Conversational — you can speak in full sentences. This should be the majority of your weekly mileage, including the long run. Easy running builds the aerobic engine that every distance depends on. Most runners run their easy days too fast; slowing down is often the single biggest improvement you can make.

Marathon pace

The steady, controlled effort you'd hold for a marathon. Practising it teaches your body to burn fuel efficiently and dials in race-day rhythm. It feels comfortable early and honest late.

Threshold (tempo) pace

Comfortably hard — roughly the effort you could hold for about an hour of racing. Tempo runs raise the point at which fatigue sets in, so you can hold faster paces for longer. This is the highest-value workout for most distance runners.

Interval pace

Hard, around 3K–5K effort, run as repeats of 3–5 minutes with recovery jogs. Intervals develop your VO2max — the ceiling on your aerobic power. They hurt, but a little goes a long way.

Reps / strides

Fast and smooth, around mile effort, in short bursts. Reps sharpen turnover, running economy, and form. Even a few 15–20 second strides after an easy run pay off.

How to find your paces

Your paces come from your current fitness. Enter a recent race time (or a goal) into the anystride pace calculator and it computes your easy, marathon, threshold, interval, and rep paces, plus equivalent times at every distance. Re-check every few weeks as you get fitter.

Get your personal numbers

Training paces, predicted times, and the plans that fit you.

Open the calculator →

Frequently asked questions

How fast should my easy runs be?

Easy enough to hold a conversation — typically 1.5 to 2 minutes per mile slower than your 5K race pace. If you can't talk in sentences, you're going too fast.

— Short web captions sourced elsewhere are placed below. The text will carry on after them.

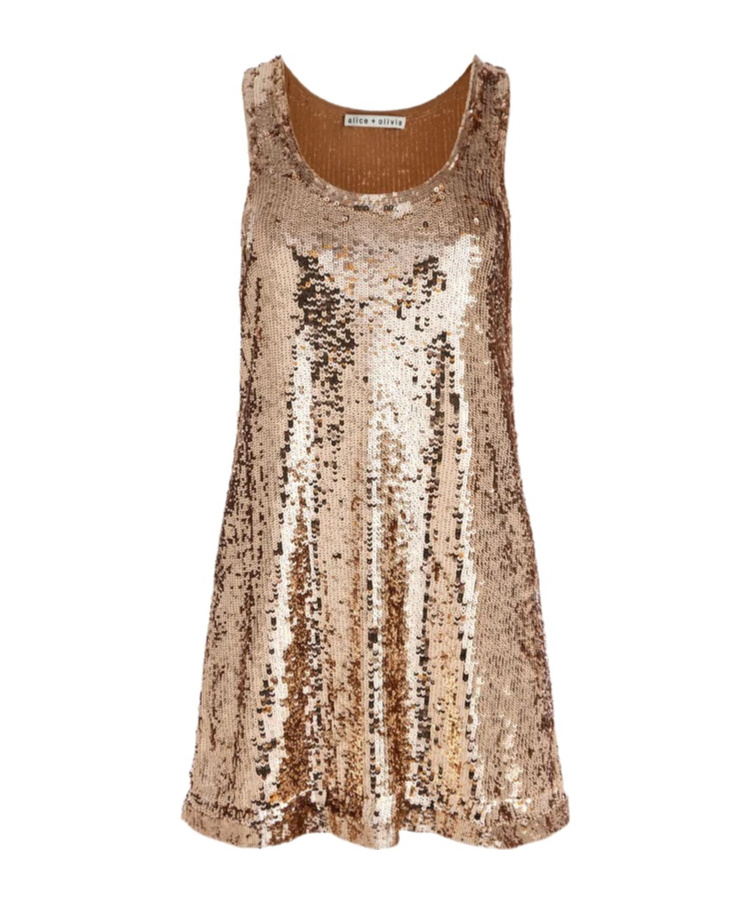 Alice And Olivia Sleeveless Dress In Tan/bronze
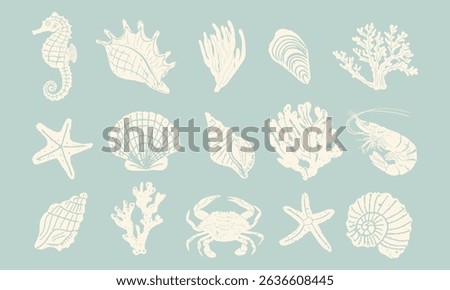 Set of various sea shells, starfishes,corals and marine animals. Aquarium plants. Underwater reef and ocean plants flora vector illustration icons set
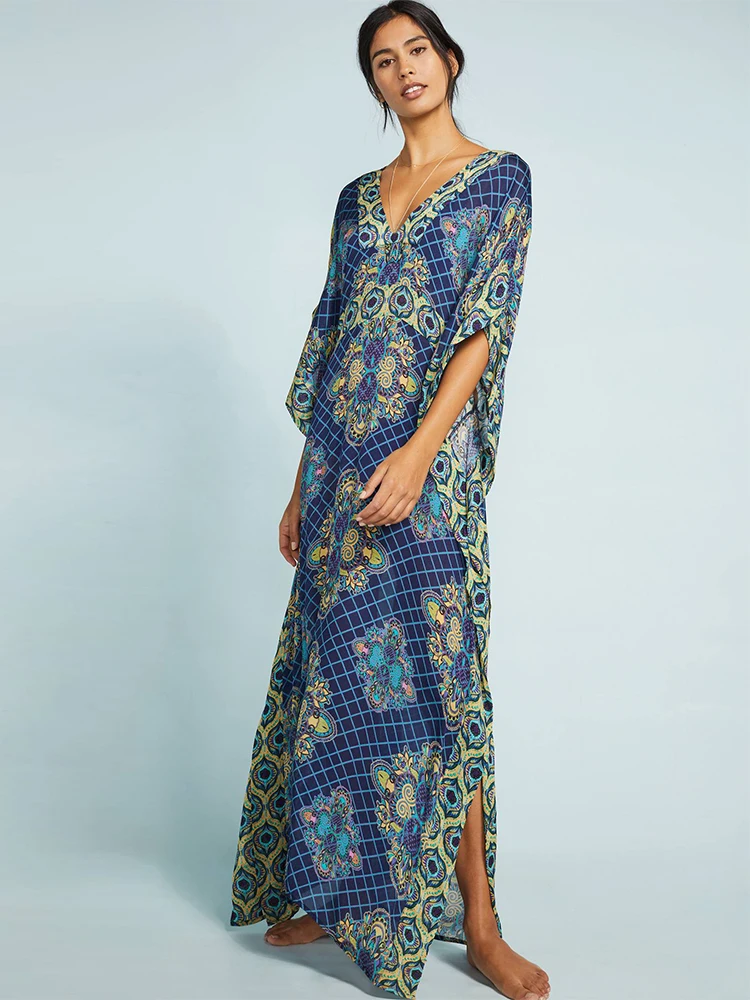 

Bohemian Printed V Neck Bat Sleeve Dress For Women Cotton Tunic Beach Wear Kaftan Long Summer Beach Dresses Q761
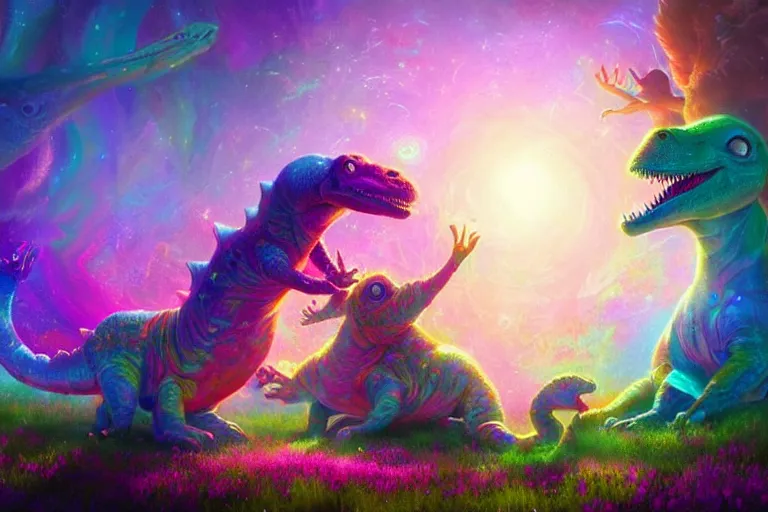 Image similar to a psychedelic realm made entirely out of love and acceptance and hypercolors. astral beings sharing love. cute smiling glowing skin glowing chibi style pixar baby dinosaurs in the style of greg rutkowski and wlop and lisa frank! and bob ross!!! and ruan jia, illustration, epic, fantasy, hyper detailed, smooth, unreal engine, sharp focus, ray tracing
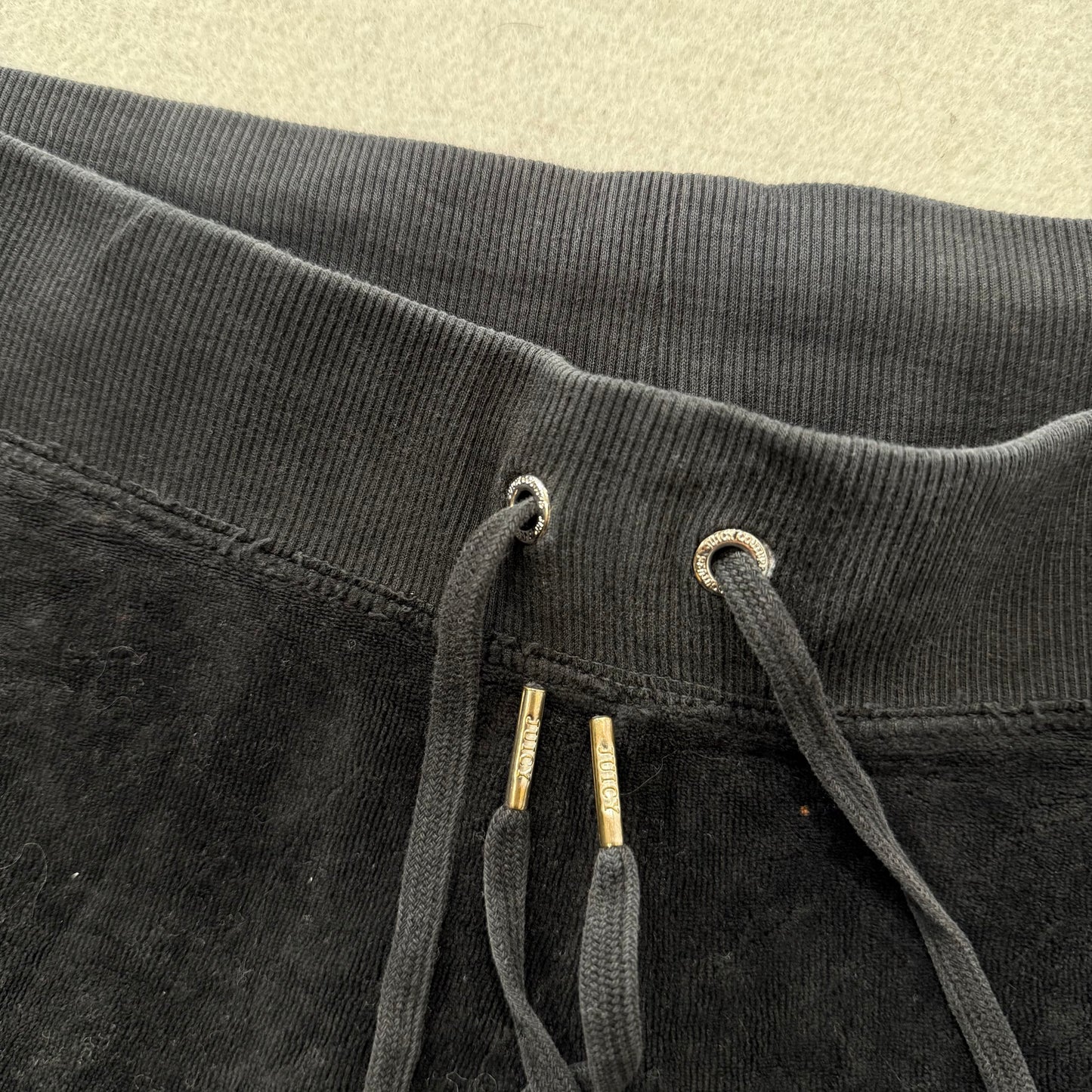 Vintage Juicy Couture Women's Black Velour Flared Track Pant Loungewear Size S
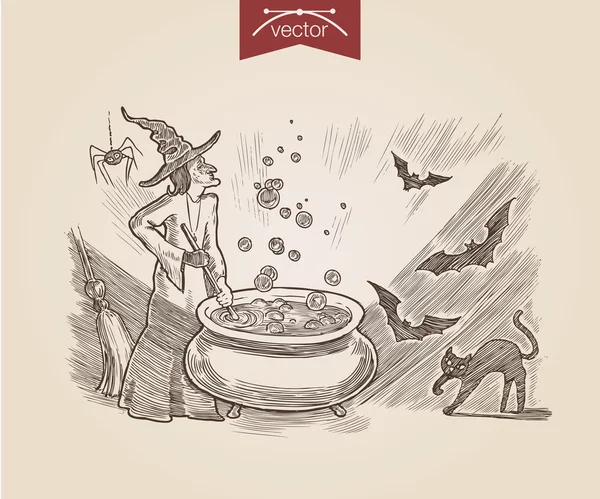 Halloween witch cooking poison — Wektor stockowy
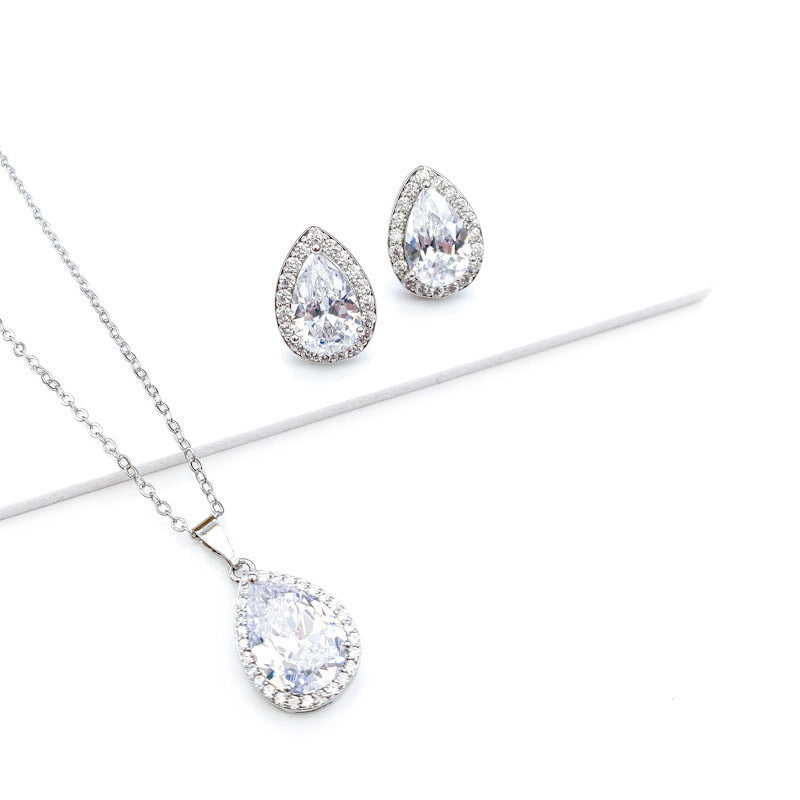 Trust Crystal Teardrop Silver Studs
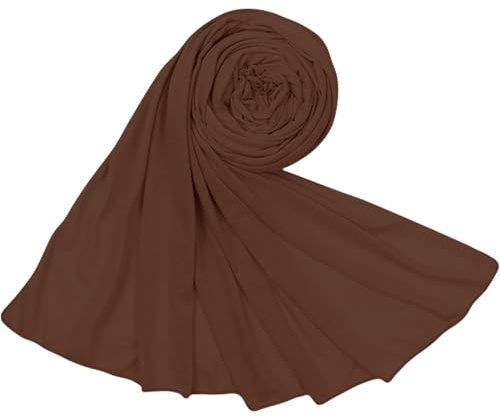 Piewag Hijab Damenschal aus weichem muslimischem Baumwoll-Jersey Hijab Kopftuch Kopfbedeckung Mode langes Kopftuch Schals, braun, Einheitsgröße
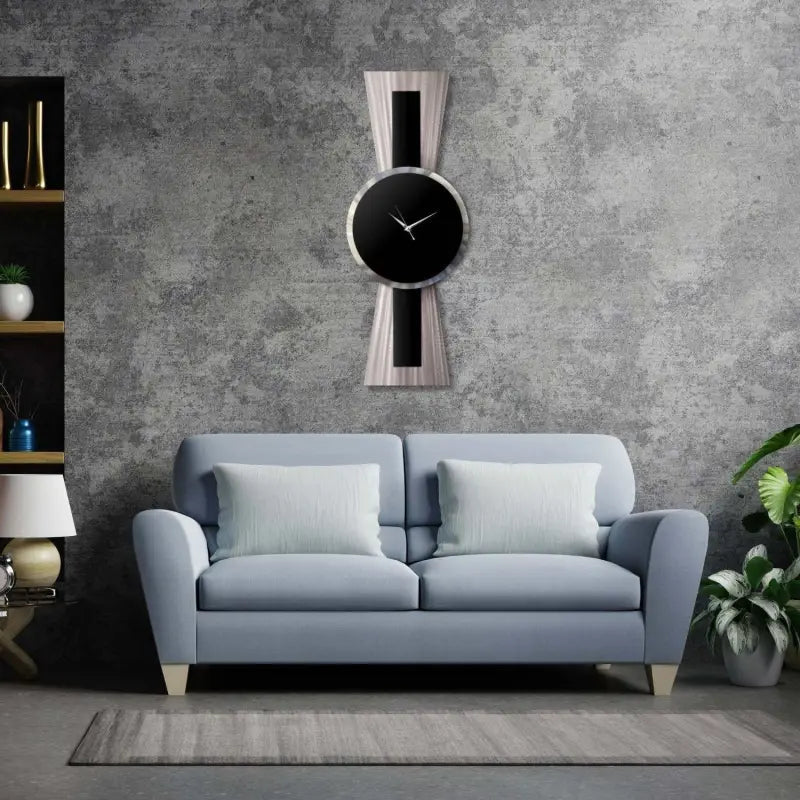 Large Black and Silver Wall Clock Titled Sentinel - Modern Elements Metal Art - MJSIOH5578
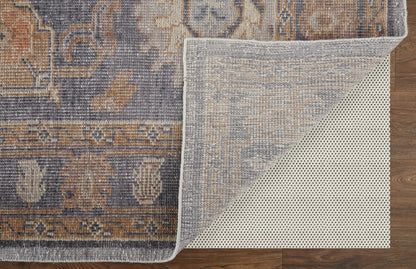 4 x 6 Blue Gray & Tan Oriental Hand Knotted Rug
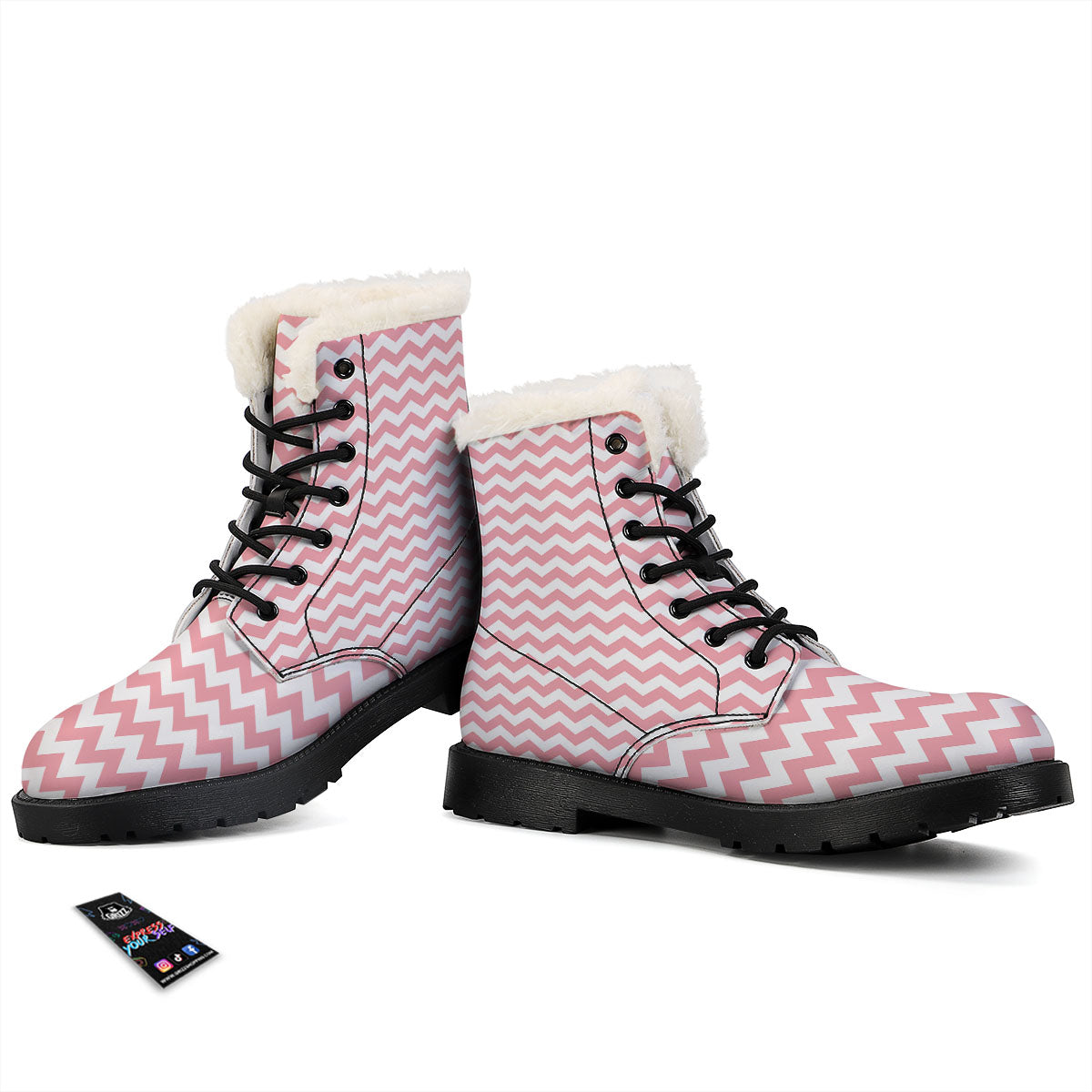 Zigzag White And Pink Print Pattern Winter Boots-grizzshop
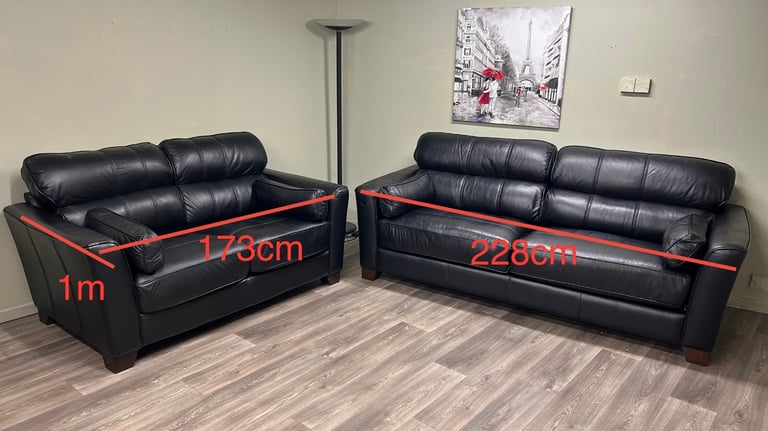 Black leather sofas 3&2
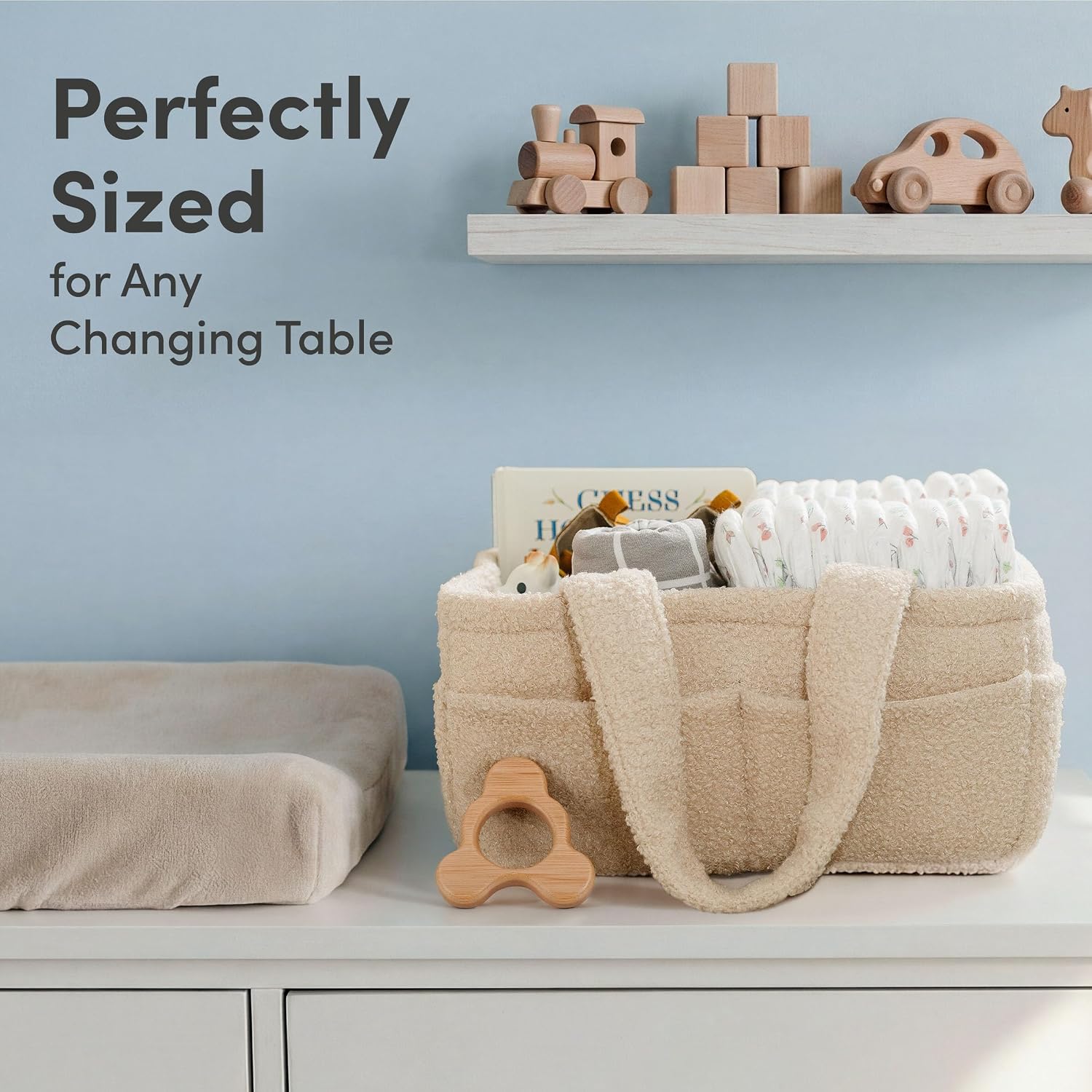 Thumbnail 5 de PUTSKA Fleece Nappy Caddy Organiser – Soft Teddy Fabric Baby Caddy with Handles, Cream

What is tempo pace exactly?

Roughly the pace you could race for about an hour — for many runners that's close to their 10K-to-half-marathon pace. It should feel comfortably hard but controlled, not all-out.

How do I calculate my training paces?

Use a recent race result. The anystride pace calculator applies the same methodology coaches use (VDOT) to turn one time into all your training paces and predicted race times.